### Captioned web images
/---
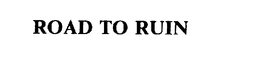 ROAD TO RUIN trademark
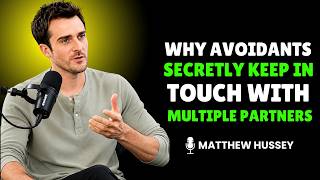 How Avoidants Cheat — Why They Secretly Keep in Touch With Multiple Partners | Matthew Hussey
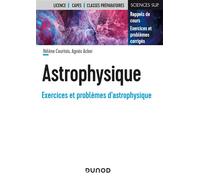 Astrophysique Rappels de cours, exercices et problèmes corrigés - Hélène Courtois - Dunod - Poche - Scolaire / Universitaire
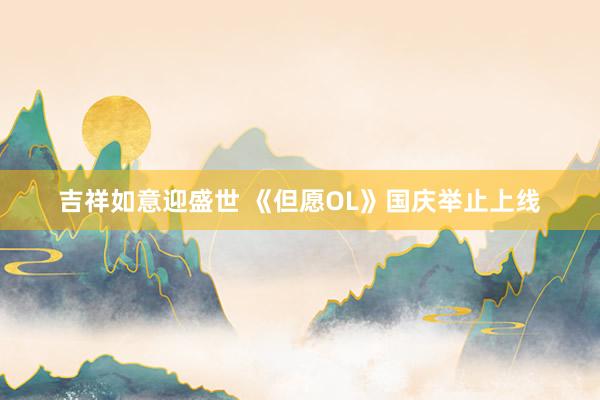 吉祥如意迎盛世 《但愿OL》国庆举止上线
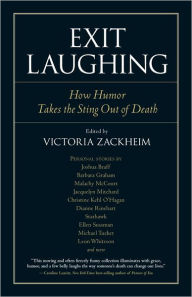 Title: Exit Laughing: How Humor Takes the Sting Out of Death, Author: Victoria Zackheim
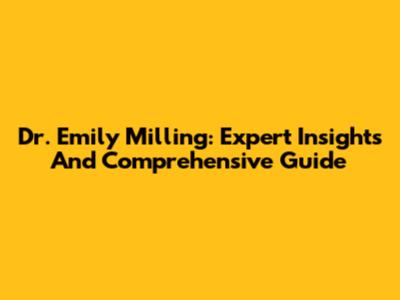 Dr. Emily Milling: Expert Insights And Comprehensive Guide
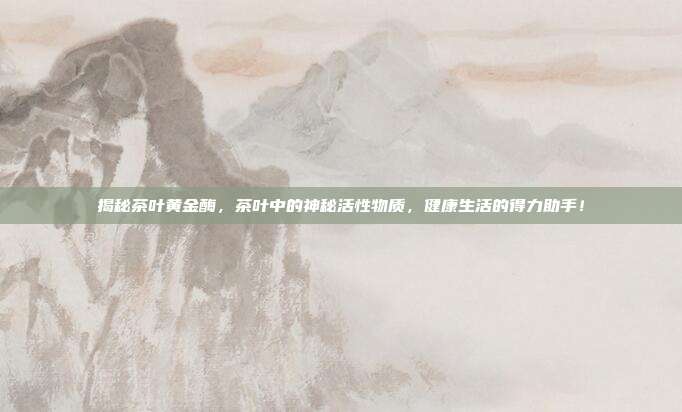 揭秘茶叶黄金酶，茶叶中的神秘活性物质，健康生活的得力助手！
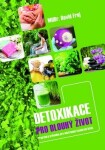 Detoxikace pro dlouhý život David Frej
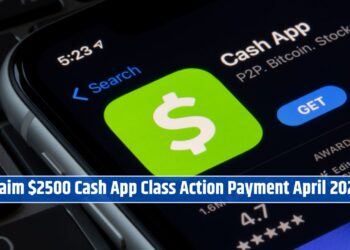 Claim $2500 Cash App Class Action Payment April 2025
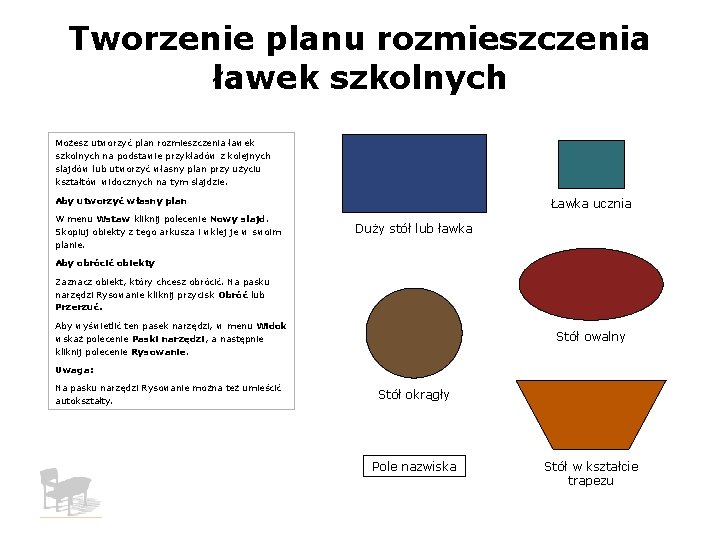 Tworzenie planu rozmieszczenia ławek szkolnych Możesz utworzyć plan rozmieszczenia ławek szkolnych na podstawie przykładów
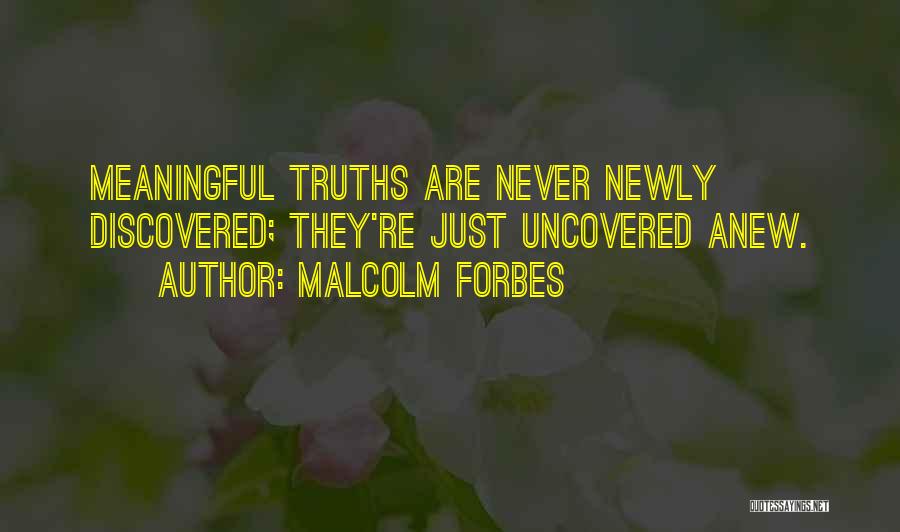 Malcolm Forbes Quotes: Meaningful Truths Are Never Newly Discovered; They're Just Uncovered Anew.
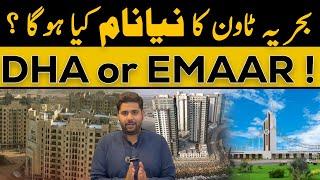 New Name of Bahria Town Karachi | EMAAR or DHA ? | Bahria Town Karachi Finished ? | Latest Updates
\---
### Aim of the task
Nothing but the lines from the line containing "Malcolm Forbes Quotes: Meaningful" through the last line of the records above should be written out, exactly and without the pictures.

### Answer space
 Malcolm Forbes Quotes: Meaningful Truths Are Never Newly Discovered; They're Just Uncovered Anew.
 New Name of Bahria Town Karachi | EMAAR or DHA ? | Bahria Town Karachi Finished ? | Latest Updates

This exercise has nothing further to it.